### ABOUT THIS TASK:
Beneath this line are the data; copy exactly the part of them that opens with the line containing "Spotted hyena (Crocuta" and closes with the line containing "八重原米5kg（5kg×1袋）玄米", and only that part.

### DATA EXTRACTS:
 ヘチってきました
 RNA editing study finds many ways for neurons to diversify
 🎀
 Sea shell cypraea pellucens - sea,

...

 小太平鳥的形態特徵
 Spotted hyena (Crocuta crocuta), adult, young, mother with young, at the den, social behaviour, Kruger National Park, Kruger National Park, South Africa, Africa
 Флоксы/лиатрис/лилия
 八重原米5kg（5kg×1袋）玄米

==

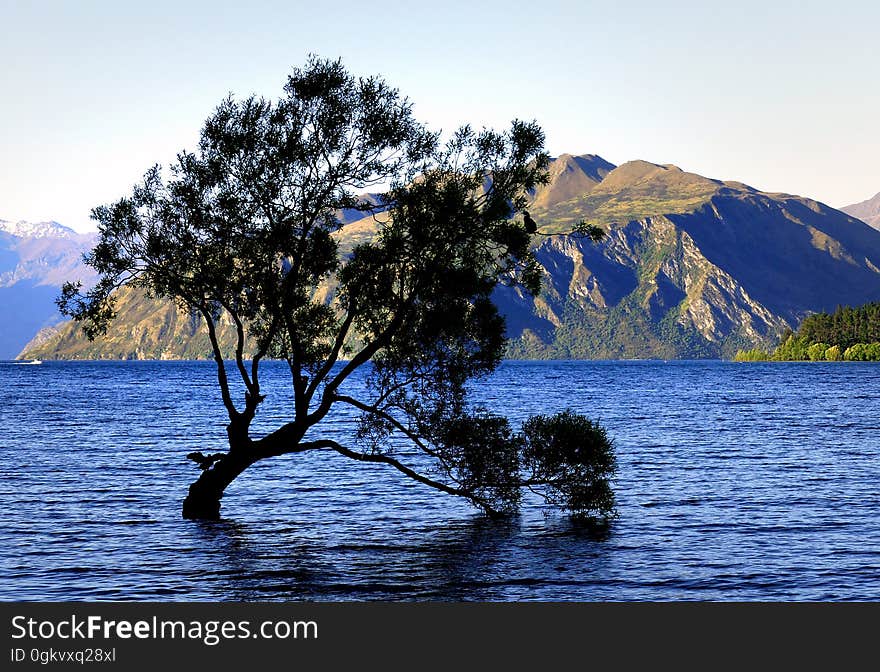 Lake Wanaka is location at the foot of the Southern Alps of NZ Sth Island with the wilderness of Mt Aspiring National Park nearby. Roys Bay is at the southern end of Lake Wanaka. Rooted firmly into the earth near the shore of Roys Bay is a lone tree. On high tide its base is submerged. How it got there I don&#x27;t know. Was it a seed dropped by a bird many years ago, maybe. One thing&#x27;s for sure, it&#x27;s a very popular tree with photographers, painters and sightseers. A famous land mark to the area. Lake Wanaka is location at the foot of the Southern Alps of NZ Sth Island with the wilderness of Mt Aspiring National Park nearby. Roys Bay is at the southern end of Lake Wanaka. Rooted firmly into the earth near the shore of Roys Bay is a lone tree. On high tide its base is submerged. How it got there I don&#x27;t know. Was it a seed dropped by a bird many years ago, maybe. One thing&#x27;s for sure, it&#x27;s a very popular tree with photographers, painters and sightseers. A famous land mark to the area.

### ANSWER TO THIS EXERCISE:
 Spotted hyena (Crocuta crocuta), adult, young, mother with young, at the den, social behaviour, Kruger National Park, Kruger National Park, South Africa, Africa
 Флоксы/лиатрис/лилия
 八重原米5kg（5kg×1袋）玄米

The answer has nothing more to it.